Bisnis.com, JAKARTA – Krisis populasi yang melanda Jepang semakin menjadi-jadi. Hal ini terlihat dari angka kelahiran bayi yang turun selama 8 bulan berturut-turut ke rekor terendah sepanjang masa pada 2023.
Data pemerintah Jepang yang dirilis Selasa (27/2/2024) menunjukkan angka kelahiran bayi di Jepang turun selama delapan tahun berturut-turut. Ini menggarisbawahi tugas berat yang dihadapi Jepang dalam upaya membendung penurunan populasi.

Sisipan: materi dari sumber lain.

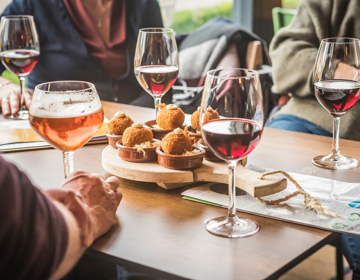 Close up van bitterballen met daarop een toefje van een wit sausje te midden van glazen rode wijn en speciaal bier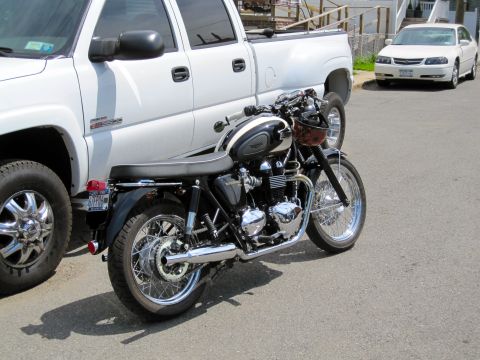 1992 Ford Bronco - Motorcycle parked beside a white pickup truck and a white sedan on a sunny day.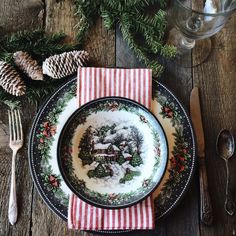 a christmas place setting on a wooden table with pine cones and napkins, silverware and utensils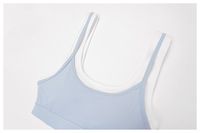 Ensemble de sport respirant 2 pièces pour femme : soutien-gorge de sport contrastant et jupe plissée de tennis avec short intégré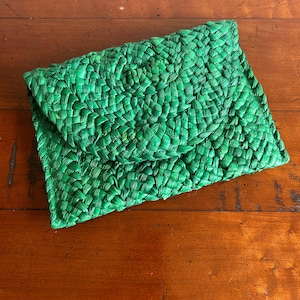 Könnte beinhalten: Eine hellgrüne gewebte Clutch-Tasche mit Klappe. Die Tasche besteht aus einem strukturierten Material, möglicherweise Bast oder einer ähnlichen Naturfaser. Die Clutch ist rechteckig mit einem abgerundeten Klappverschluss und liegt auf einer Holzoberfläche.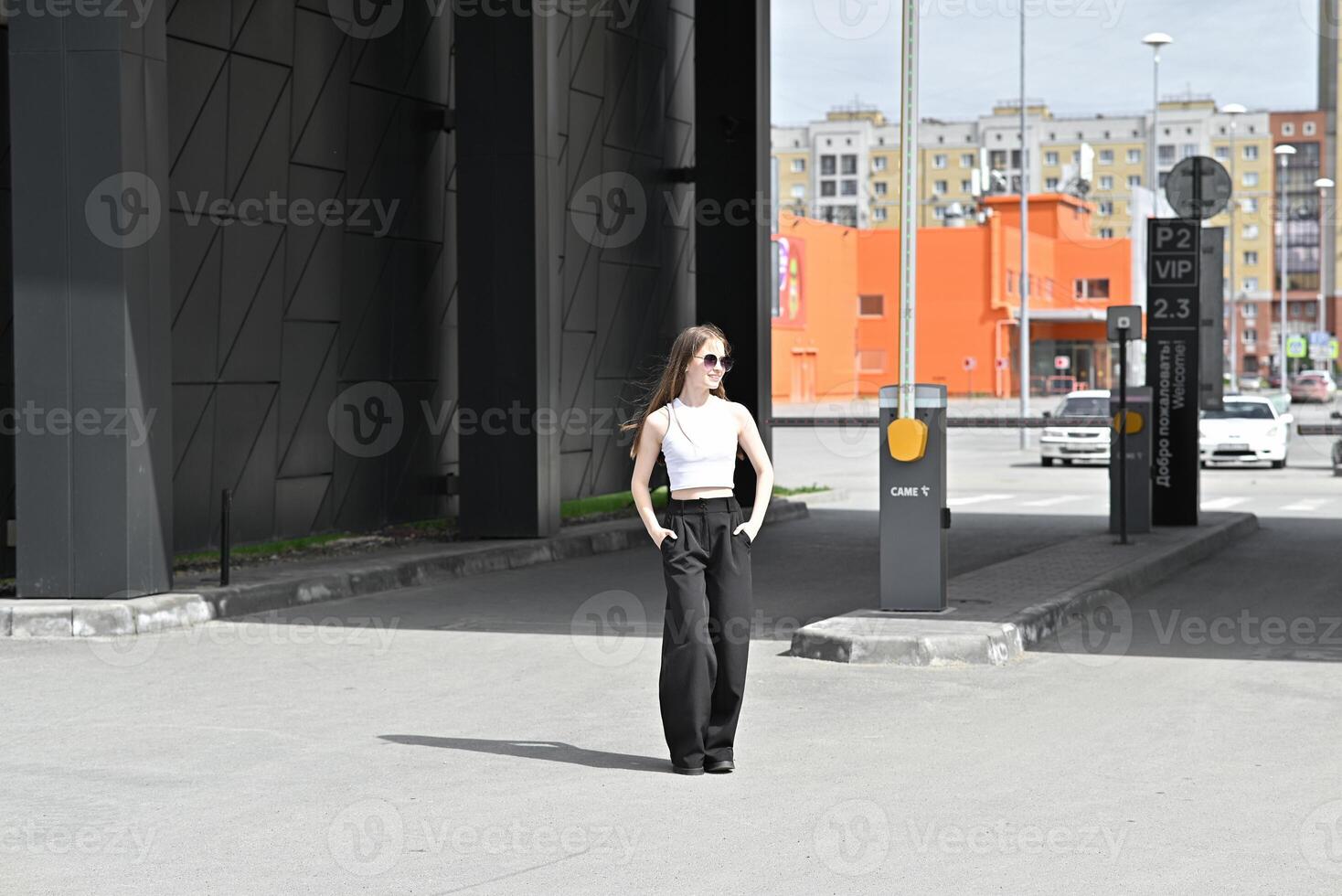 A solitary figure in fashionable black wide-leg pants and a white sleeveless top, standing on an empty paved area. photo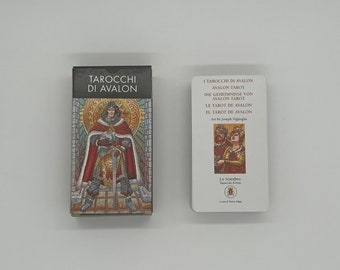 May include: Two tarot card decks, one with a black background and the text "TAROCCHI DI AVALON" in white, and the other with a white background and the text "TAROCCHI DE AVALON AVALON TAROT DIE GEHEIMNISSE VON AVALON TAROT LE TAROT DE AVALON EL TAROT DE AVALON Art by Joseph Viglioglie" in black. The card on the left shows a man in a red and gold robe holding a sword. The card on the right shows a man and a woman in a forest setting.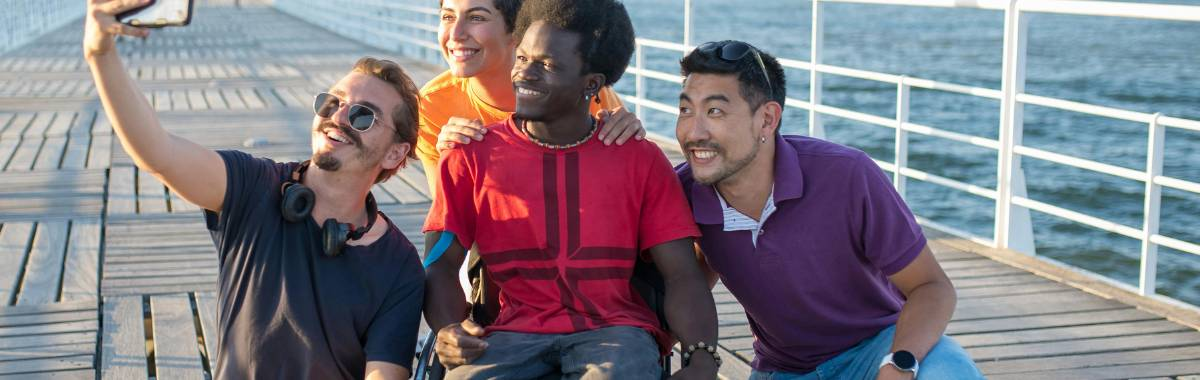 friends taking a selfie on a boardwalk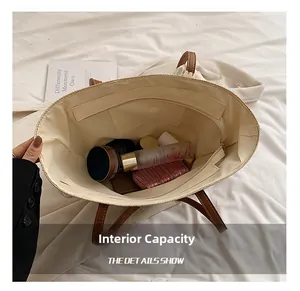 Internal view of large straw tote bag showing spacious compartments and zip pockets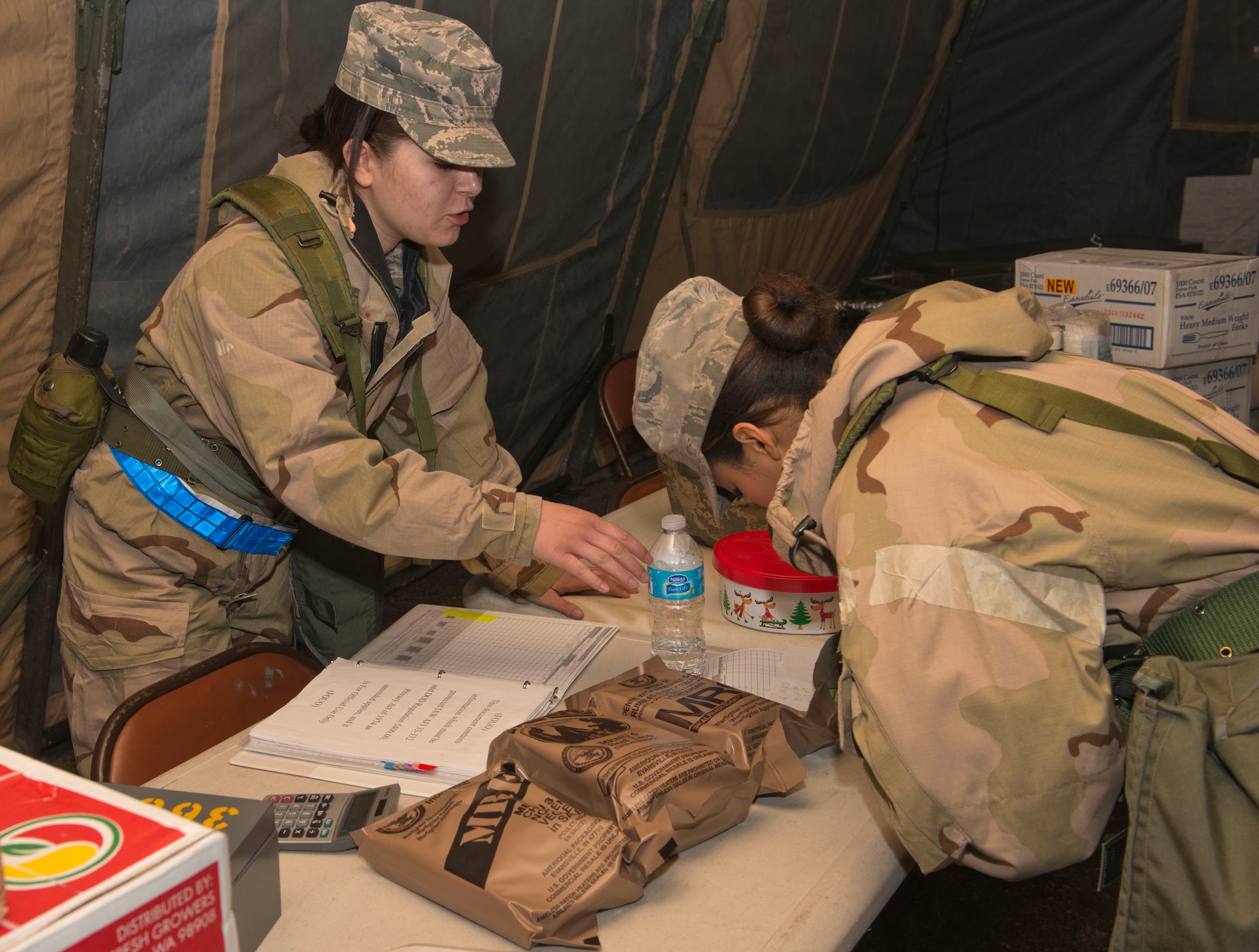 Airman 1st Class Kristina Hampton, 366th Force Support Squadron food services apprentice, sells prepackaged food known as Meals Ready to Eat, or MREs, to Airman Andrea Dunphy, 366th Force Support Squadron food services apprentice, during the Sharpshooter 14-02 exercise April 15, 2014, Mountain Home Air Force Base, Idaho. During the duration of the exercise, Airmen have the opportunity to purchase MRE’s. (U.S. Air Force photo by Airman 1st Class Malissa Lott) 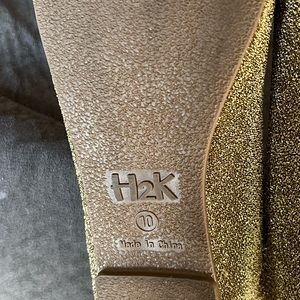 H2K gold sparkly flats….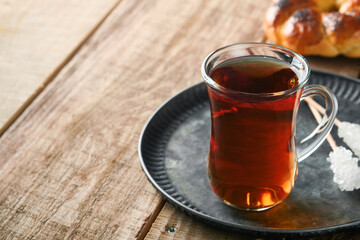 Turkish black tea. Glass cup of turkish black tea and crispy Turkish traditional bagel on old rustick background. Breakfast pastry concept. Traditional turkish brewed hot drink.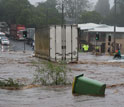 A woman in Australia awaits rescue on a car roof.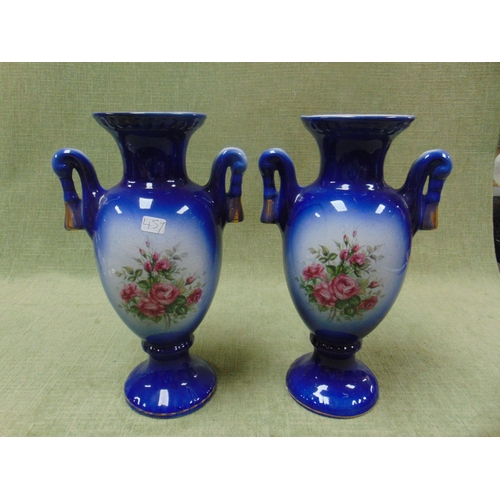 140 - Pair of floral decorated two handled vases.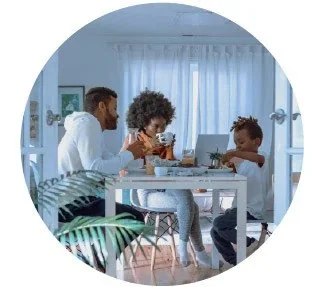 A family of three sitting at a dining table in a bright, airy room with white curtains, enjoying breakfast together.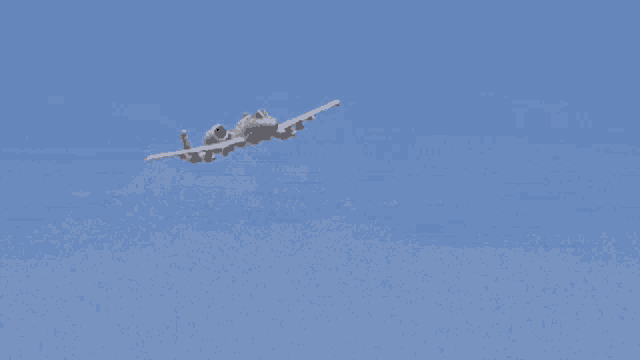 a fighter jet is flying in a blue sky with a smoke trail behind it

Berdasarkan data pemerintah, angka kelahiran turun 5,1% dari tahun sebelumnya menjadi 758.631 kelahiran, sementara angka pernikahan turun 5,9% menjadi 489.281 pernikahan.
Angka pernikahan di bawah 500.000 ini juga merupakan yang pertama kalinya dalam 90 tahun, yang menandakan penurunan populasi semakin parah karena kelahiran di luar nikah jarang terjadi di Jepang.
Juru bicara pemerintah Jepang mengatakan bahwa pemerintah akan mengambil langkah-langkah baru untuk mengatasi penurunan angka kelahiran, seperti memperluas tempat penitipan anak dan mendorong kenaikan upah bagi pekerja muda.
Kepala Sekretaris Kabinet Jepang Yoshimasa Hayashi mengatakan angka angka kelahiran yang menurun berada dalam level yang kritis.
Baca Juga
"Enam tahun ke depan hingga tahun 2030, ketika jumlah anak muda akan menurun drastis, akan menjadi kesempatan terakhir untuk membalikkan tren tersebut,” ungkap Hayashi seperti dikutip Reuters.
Menyadari potensi dampak sosial dan ekonomi, serta tekanan pada keuangan publik, Perdana Menteri Fumio Kishida menyebut tren ini sebagai krisis terberat yang dihadapi Jepang. Kishida meluncurkan berbagai langkah untuk mendukung rumah tangga yang memiliki anak akhir tahun lalu.
Institut Penelitian Kependudukan dan Jaminan Sosial Nasional Jepang memperkirakan populasi Jepang akan menurun sekitar 30% menjadi 87 juta pada tahun 2070, dengan empat dari setiap 10 orang berusia 65 tahun ke atas.